PRIMEIRO ANO - 2010

VARIANTES LINGUÍSTICAS: dialetos e registros


(Maria Antonieta Antunes Cunha)



O ramo da Lingüística chamado Sociolingüística, que se tem ocupado sobretudo da caracterização e do uso das variações lingüísticas, não é novo. Há muito tempo esses estudos teóricos vêm sendo realizados, tanto na Europa como nas Américas (inclusive no Brasil), mas é bem mais recente sua aplicação ao ensino/aprendizagem de línguas, especialmente da língua materna.

Entendemos agora a linguagem não como uma simples forma de comunicação (em que se valorizava sobretudo o locutor/emissor), mas como interação, na qual os sujeitos envolvidos realizam uma ação de mão dupla, um influindo sobre o outro, em função do lugar que ocupam nessa interação.

Reconhecer locutor e interlocutor como igualmente importantes no processo de interação, percebê-los como co-autores, exige um aprofundamento na análise das condições em que eles interagem. E que condições são essas?

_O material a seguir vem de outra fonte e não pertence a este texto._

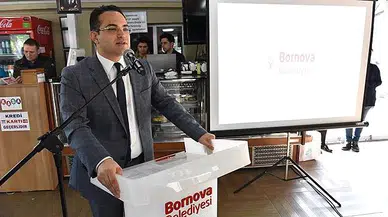 Bornova Şarkıları Yarışması’nda İlk 10 Belirlendi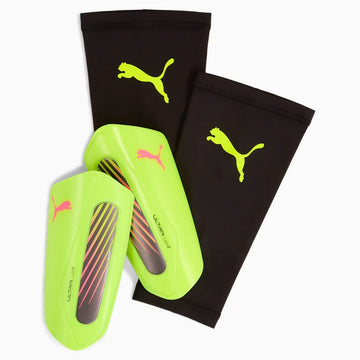 Ultra Light Soccer Sleeve Shin Guard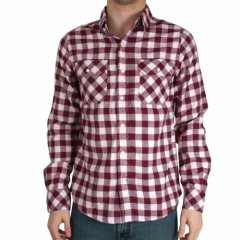 Mens Gul Surf Company Nudies Long Sleeve Shirt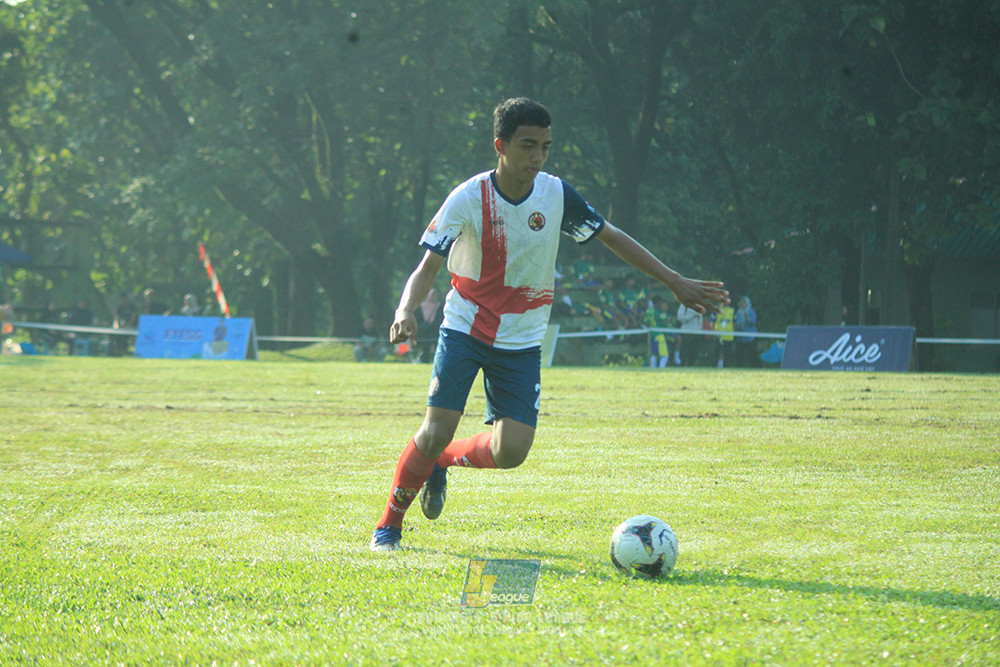 ijl u14 130925 binna banua fc vs pam jaya fa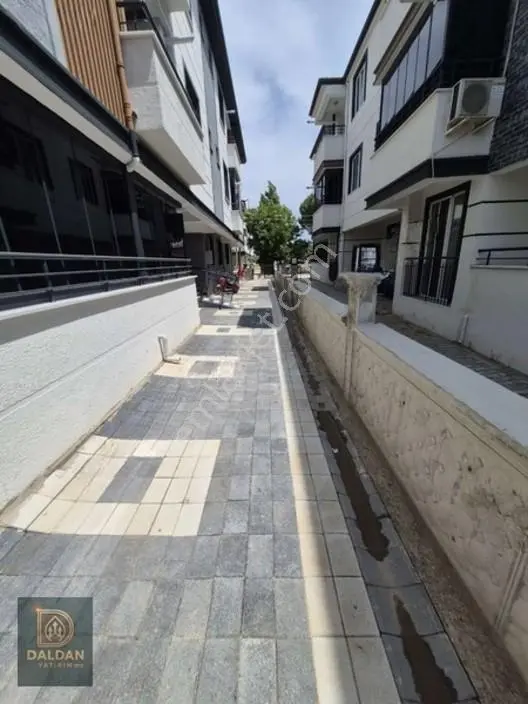 Daldan Emlaktan Efsane 2+1 Daire — fotoğraf 29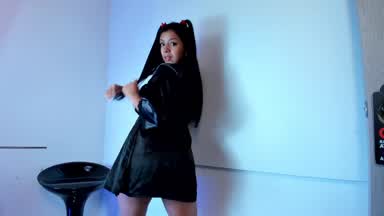 twerking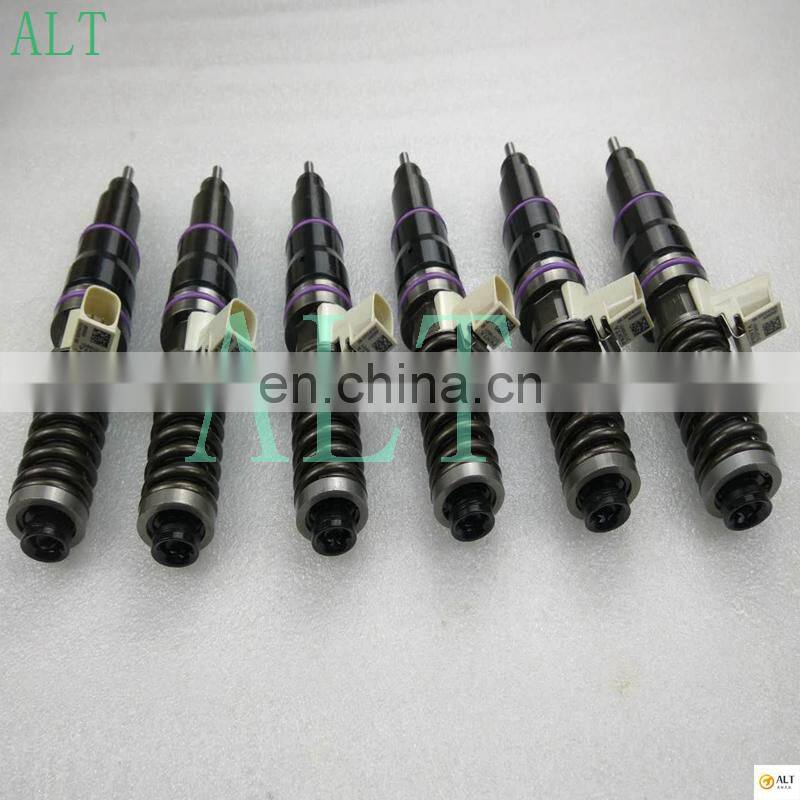 Stock goods! common rail fuel injector 21379931 for VOLVO
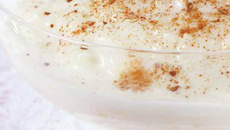 Arroz-doce da Filipa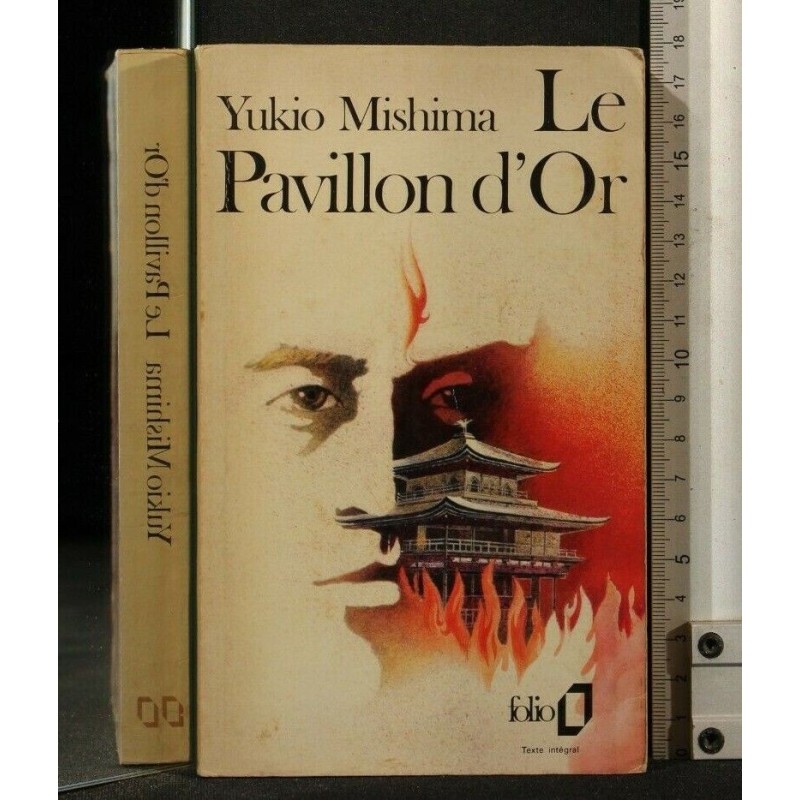 LE PAVILLON D'OR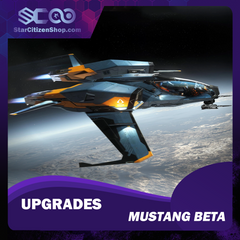 Upgrade to Mustang Beta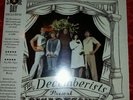 RSD 2015 The Decemberists Picaresque 2X LP LIMITED RED VINYL+POSTCARDS+BOOKLET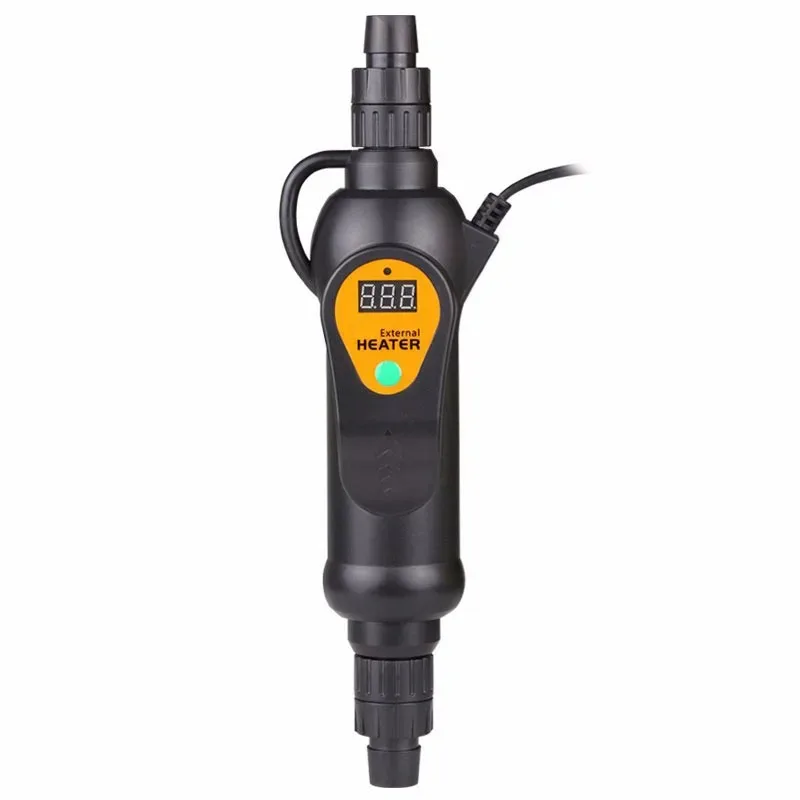 수족관 물고기 탱크 외부 히터 Sunsun EH-300 - Marine Aquarium Reactors 리뷰 및 가격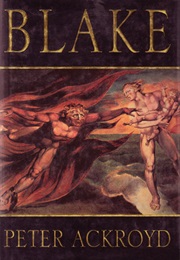 Blake (Peter Ackroyd)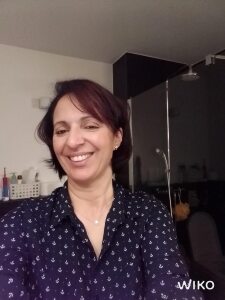 Photo de profil de Malika Zermiche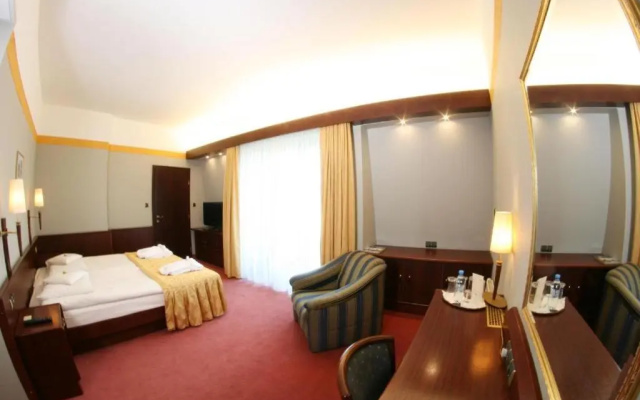 Park Hotel Diament Bielsko-Biała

São, de um lado, as características do locutor – suas marcas pessoais, como conhecimentos, linguagem, posição etc. – e de outro, as características do interlocutor e do assunto, o que cria um contexto especial, único em que acontece a interação, pois é a partir dessas condições sociais e históricas em que se dá cada interação, definindo modos diferentes de uso da língua.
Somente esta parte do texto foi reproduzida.